To train the model, I used:

  • Heavy data augmentation (details provided above)
  • Dropout (with keep probability of 0.8) throughout the network
  • Batch size of 128
  • Adam Optimiser
  • Initial learning rate of 0.001, learning rate was decayed manually by 10 everytime the validation accuracy plateaued
  • L2 weight decay (i.e. regularisation) of 0.001, and
  • 20 epochs for the training process

5. Solution Approach

My final model results were:

  • Training set accuracy of 99.90%
  • Validation set accuracy of 98.84%
  • Test set accuracy of 97.29%

Below I provide an overview of the steps I undertook to reach to my final model architecture. NOTE: for each attempt I only highlight the model params / architectural changes I made in response to the preceeding attempt to improve the training and validation accuracy.

Attempt 1: validation accuracy 93.0%

I started with the baseline LeNet-5 architecture.

  • Epochs = 10
  • Learning rate = 0.001
  • Batch size = 128
  • Adam Optimiser

Attempt 2: validation accuracy 93.2%

Changes made:

  • Epochs = 20
  • Learning rate decay of 10 after 10 epochs
  • Dropout (with keep probab = 0.8) over C1, C3, C5 and F6

The validation accuracy peaked at ~93% despite all these efforts.

Attempt 3: validation accuracy 96.1%

Changes made:

  • Increased the size of the training set by augmenting new images. Size of the training set increased by 69% to ~108k images.
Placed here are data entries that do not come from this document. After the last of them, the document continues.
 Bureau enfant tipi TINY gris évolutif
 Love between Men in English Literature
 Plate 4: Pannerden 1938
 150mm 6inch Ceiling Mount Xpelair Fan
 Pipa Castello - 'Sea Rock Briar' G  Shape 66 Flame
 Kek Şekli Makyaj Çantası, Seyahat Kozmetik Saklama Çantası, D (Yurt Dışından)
Attempt 4: validation accuracy ~96%

1st change:

  • Increased the filter depth of each CONV layer. C1 (8 -> 16) & C3 (16 -> 32)
  • Reduced the # FC layers in the classifier by removing the F6 layer
  • Increased the size of C5 (120 -> 256)

I scrapped the changes made above and alternatively tried the following changes:

  • Increased the filter depth of each CONV layer. C1 (16) & C3 (32)
  • Increased the size of C5 (120 -> 512) and F6 (84 -> 256)
  • Added L2 regularisation of 0.0005 to all weights across the network

Attempt 5: validation accuracy 98.1%

Changes made:

Attempt 6: validation accuracy 98.84%

Changes made:

  • Increased filter depth across CONV1 (12 -> 16) & CONV2 (24 -> 32)
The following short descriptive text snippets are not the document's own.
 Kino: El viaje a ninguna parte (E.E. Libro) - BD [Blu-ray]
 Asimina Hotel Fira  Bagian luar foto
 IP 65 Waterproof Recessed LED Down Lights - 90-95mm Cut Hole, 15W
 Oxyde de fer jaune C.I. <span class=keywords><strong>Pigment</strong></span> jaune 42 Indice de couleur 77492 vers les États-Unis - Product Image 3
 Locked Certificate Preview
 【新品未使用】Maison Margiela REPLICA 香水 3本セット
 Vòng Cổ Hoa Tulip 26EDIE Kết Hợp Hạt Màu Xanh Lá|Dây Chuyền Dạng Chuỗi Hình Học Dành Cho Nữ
Model Evaluation on new images

In addition to evaluating the performance of my network over the test set, I decided to test how well the network classifies random traffic sign images pulled from the web.

The following images were used:

and the result were as follows:

As showcased above the prediction accuracy was 100%!

Happy days!

Future work

In order to improve the performance of my model I would perform the following:

  • Evaluate the performance of the network on a bigger and more diverse production data set
  • Leverage model ensembles
  • Do a more detailed analysis of model performance by looking at predictions in more detail. For example, calculate the precision and recall for each traffic sign type from the test set and then compare performance on the six new images.
  • Create a deeper network akin to AlexNet/ZFNet by stacking more conv layers prior to each pooling operation.
  • Utilise global average pooling to reduce the number of FC layers in the classifier thereby also reducing the overall number of params across the network
  • Alternatively, rather than constructing the network from scratch, I would like to leverage Transfer Learning by using existing CNN architectures to classify the traffic sign images. In particular, I would like to use ResNet/GoogleNet/VGGNet.